### EXERCISE DATA

---+---

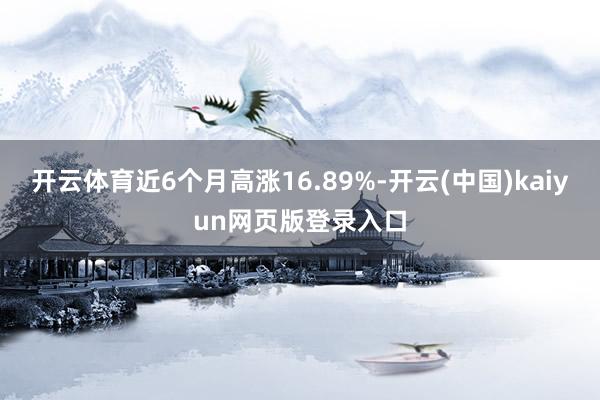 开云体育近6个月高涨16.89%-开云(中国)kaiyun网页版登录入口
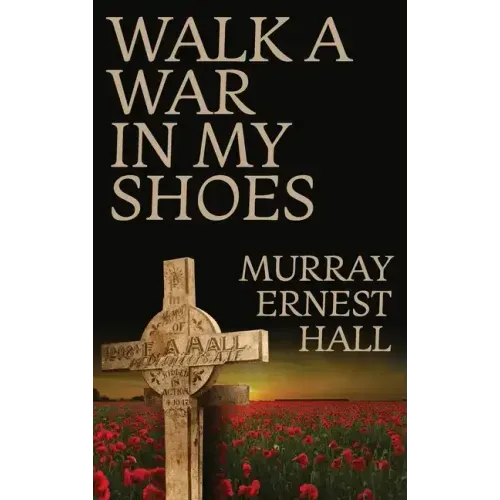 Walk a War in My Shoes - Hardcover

---+---

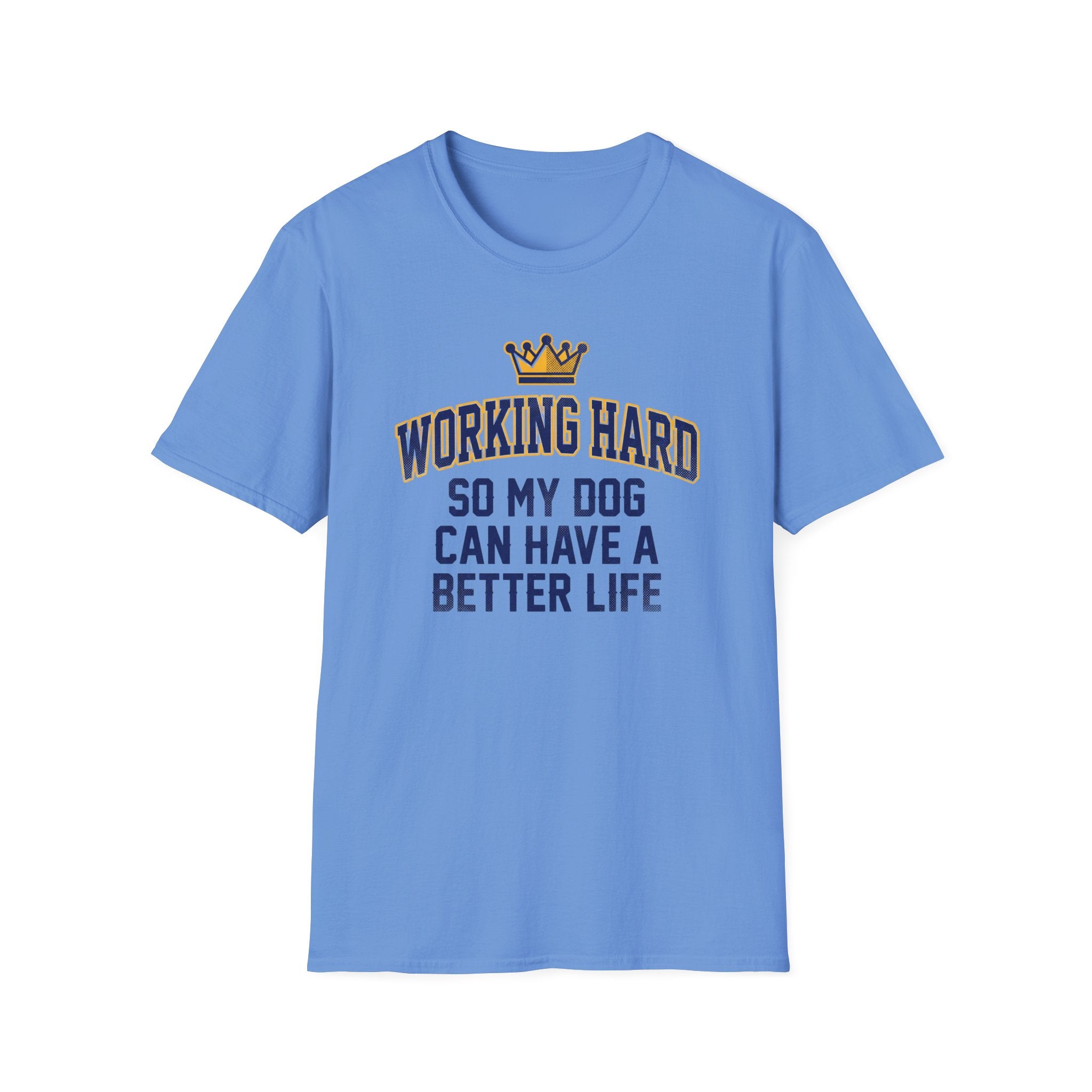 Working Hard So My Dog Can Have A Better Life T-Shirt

---+---

Pictures aside, return exactly the lines from the data above, starting at the line that has "开云体育近6个月高涨16.89%-开云(中国)kaiyun网页版登录入口" and ending at the line that has "Walk a War in My Shoes - Hardcover", both included.

### TASK SOLUTION
 开云体育近6个月高涨16.89%-开云(中国)kaiyun网页版登录入口
 Walk a War in My Shoes - Hardcover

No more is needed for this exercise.